The activation function of a layer within an ANN modulates the response of neurons at that layer, introducing important non-linearity into the overall regression model. Layers can have differing activation functions. Some common choices for activation functions are enumerated below.
This is the well-known logistic function (ML texts often refer to this as the sigmoid function, due to the shape of its curve).
$$ f:\mathbb{R}^n\rightarrow\mathbb{R}^n $$
$$ f\left(\mathbf{x}\right)=\frac{1}{1+e^{-\mathbf{x}}} $$
$$ \text{Softmax}:\mathbb{R}^n\rightarrow\mathbb{R}^n $$
$$ \text{Softmax}\left(\mathbf{x}\right)=\frac{e^{\mathbf{x}}}{\mathbf{1}^Te^{\mathbf{x}}}=\frac{e^{\mathbf{x}}}{\sum_j{e^{x_j}}} $$
Rectified Linear Unit (ReLU).
$$ \text{ReLU}:\mathbb{R}^n\rightarrow\left[0, \infty\right)^n $$
$$ \text{ReLU}\left(\mathbf{x}\right)=\text{max}\left(0, \mathbf{x}\right) $$
Gaussian Error Linear Unit (GELU).
$$ \text{GELU}\left(\mathbf{x}\right)=\mathbf{x}\cdot\phi\left(\mathbf{x}\right) $$
ANNs require training.

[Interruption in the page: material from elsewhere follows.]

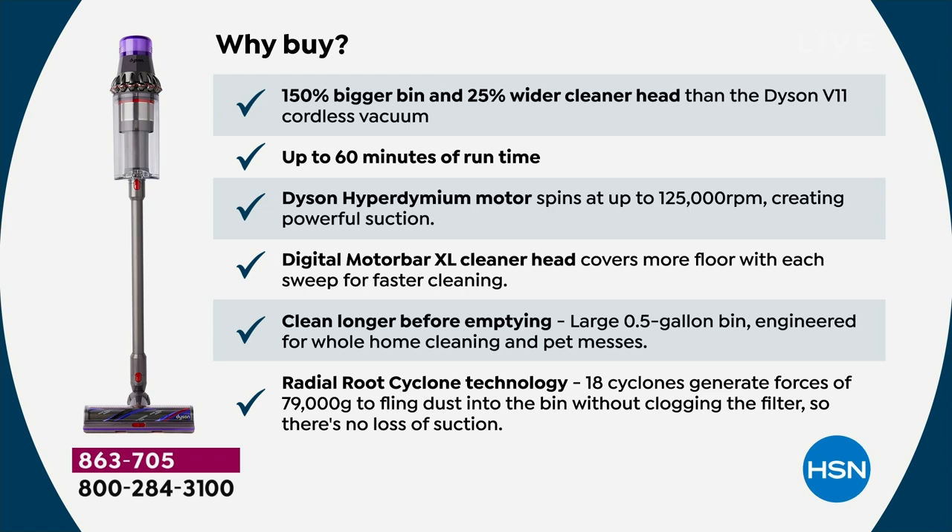You've got up to 60 minutes of run time — beautiful run time to tackle your whole home. The Dyson Hyperdymium motor is a Dyson-patented motor: only Dysons work like a Dyson. That's 125,000 RPMs, meaning we create 79,000 Gs — and it only takes three Gs to get into space. The digital motor bar extra large cleaner head covers that larger area. Those 18 cyclones help create that 79,000 Gs.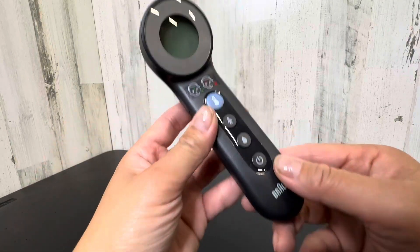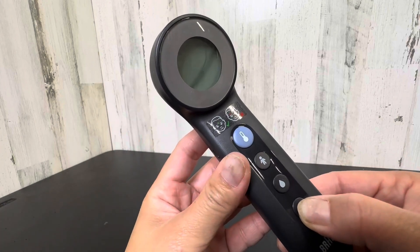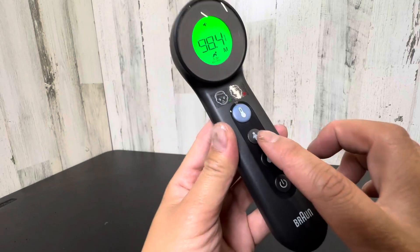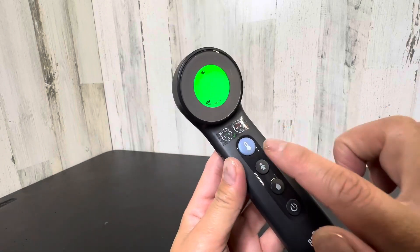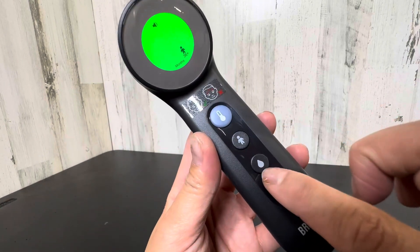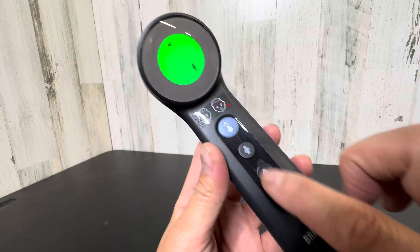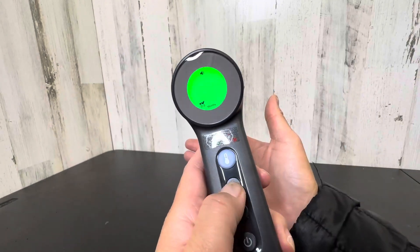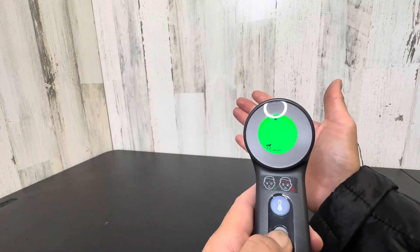So how you would use this is you obviously will turn this on. Then you have infants to adults — you can also test the water temperature with this. You hold this person button and you will get the temperature.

The most common training algorithm for ANNs is called backpropagation. Backpropagation comprises two phases, called passes: the forward pass and the backwards pass. In the forward pass, the output of the network is computed and then the loss is calculated. In the backwards pass, the weights and biases are adjusted via gradient descent in order to minimise the future loss.
There are two steps to the forward pass:
For example, with the ReLU activation function in a 2-layer network, we have:
$$ \hat{Y}=\text{Softmax}\left(W_2\left(\text{ReLU}\left(XW_1 + b_1\right)\right) + b_2\right) $$
$$ \text{Loss}\left(\hat{Y}, Y\right)=-\sum{Y-\log{\left(\hat{Y}\right)}} $$
1: In ML literature, these are usually called bias vectors; however, these aren't true biases in the statistical sense.